■ Entries taken from a collection ■
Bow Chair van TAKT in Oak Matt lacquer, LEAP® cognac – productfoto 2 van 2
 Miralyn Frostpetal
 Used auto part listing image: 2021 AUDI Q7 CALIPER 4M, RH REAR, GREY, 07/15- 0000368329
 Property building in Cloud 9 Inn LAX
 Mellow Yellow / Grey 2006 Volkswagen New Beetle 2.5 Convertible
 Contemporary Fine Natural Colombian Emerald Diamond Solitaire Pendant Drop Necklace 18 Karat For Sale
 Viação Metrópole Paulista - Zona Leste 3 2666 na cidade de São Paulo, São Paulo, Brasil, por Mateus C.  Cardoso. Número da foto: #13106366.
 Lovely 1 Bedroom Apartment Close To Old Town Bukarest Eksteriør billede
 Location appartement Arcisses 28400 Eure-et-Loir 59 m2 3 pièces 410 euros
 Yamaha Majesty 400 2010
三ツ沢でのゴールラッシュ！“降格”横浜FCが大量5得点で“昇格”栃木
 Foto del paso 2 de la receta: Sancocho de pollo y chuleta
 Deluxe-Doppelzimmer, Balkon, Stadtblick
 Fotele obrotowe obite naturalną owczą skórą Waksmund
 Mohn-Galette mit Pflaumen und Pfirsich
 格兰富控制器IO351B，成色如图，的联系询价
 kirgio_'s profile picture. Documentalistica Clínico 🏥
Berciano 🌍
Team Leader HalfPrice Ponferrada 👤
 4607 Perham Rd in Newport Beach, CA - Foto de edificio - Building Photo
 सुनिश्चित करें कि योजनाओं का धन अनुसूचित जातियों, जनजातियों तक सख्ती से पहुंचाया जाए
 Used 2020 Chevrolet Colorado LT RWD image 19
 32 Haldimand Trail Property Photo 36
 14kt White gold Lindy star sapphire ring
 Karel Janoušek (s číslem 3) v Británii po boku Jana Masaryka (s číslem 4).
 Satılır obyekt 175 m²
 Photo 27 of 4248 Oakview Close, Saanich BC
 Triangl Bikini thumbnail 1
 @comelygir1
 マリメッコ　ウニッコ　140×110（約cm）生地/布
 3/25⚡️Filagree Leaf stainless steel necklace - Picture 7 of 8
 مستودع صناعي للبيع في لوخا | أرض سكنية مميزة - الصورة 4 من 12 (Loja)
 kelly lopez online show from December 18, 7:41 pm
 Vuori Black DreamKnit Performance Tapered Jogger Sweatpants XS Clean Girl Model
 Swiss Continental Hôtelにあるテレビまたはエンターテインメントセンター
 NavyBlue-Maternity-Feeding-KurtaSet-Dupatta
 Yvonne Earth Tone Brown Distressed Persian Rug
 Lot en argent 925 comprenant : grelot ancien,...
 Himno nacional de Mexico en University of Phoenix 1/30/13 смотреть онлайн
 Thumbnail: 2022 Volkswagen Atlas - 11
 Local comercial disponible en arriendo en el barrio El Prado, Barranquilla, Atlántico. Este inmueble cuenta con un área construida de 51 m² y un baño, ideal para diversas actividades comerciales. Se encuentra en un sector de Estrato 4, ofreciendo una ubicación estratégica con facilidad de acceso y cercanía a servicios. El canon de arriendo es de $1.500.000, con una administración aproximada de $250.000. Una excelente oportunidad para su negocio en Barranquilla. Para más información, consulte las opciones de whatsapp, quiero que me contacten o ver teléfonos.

■ Aim of the task ■
For every line of the records with the string "Photo", add one to a tally; give the final tally alone.

■ Reply ■
3